» **DATA RECORDS**:

- - -

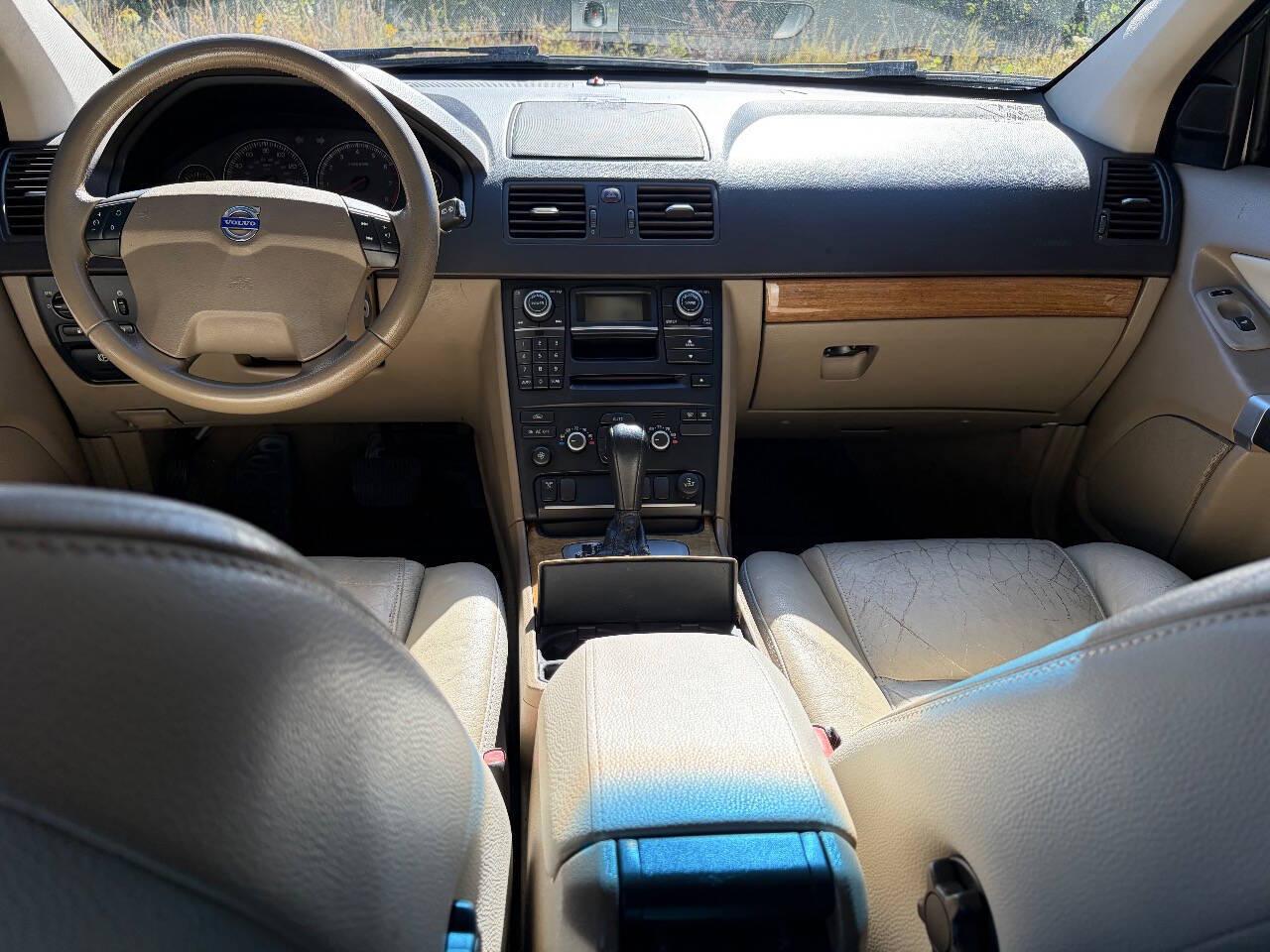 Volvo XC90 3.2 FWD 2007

- - -

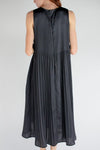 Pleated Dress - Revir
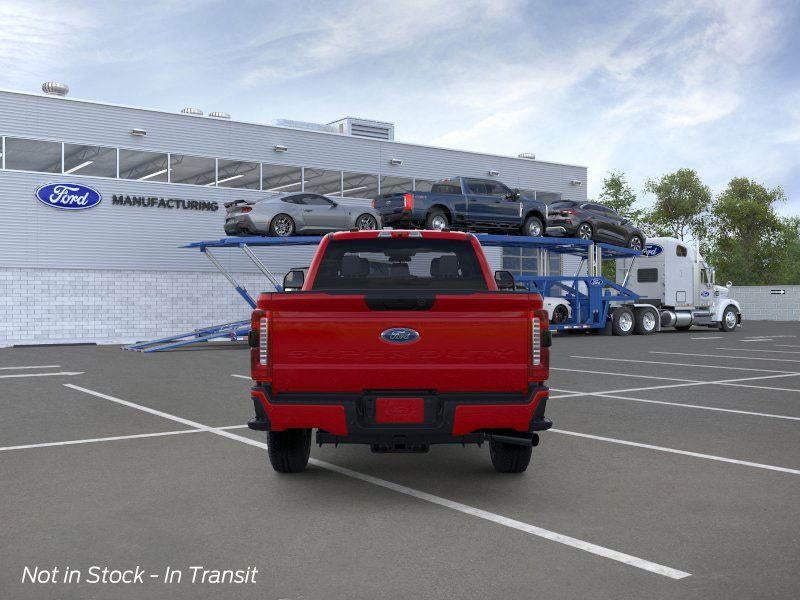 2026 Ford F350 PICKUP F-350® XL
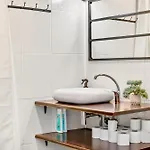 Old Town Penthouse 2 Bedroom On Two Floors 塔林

- - -

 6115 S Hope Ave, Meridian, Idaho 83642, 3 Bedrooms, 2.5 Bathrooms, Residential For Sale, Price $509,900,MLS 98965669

- - -

» **AIM OF THE TASK**: Whatever pictures the records hold, omit them; give again exactly the lines from the one containing "2026 Ford F350 PICKUP F-350® XL" through the one containing "Old Town Penthouse".

» **TASK RESULT**:
 2026 Ford F350 PICKUP F-350® XL
 Old Town Penthouse 2 Bedroom On Two Floors 塔林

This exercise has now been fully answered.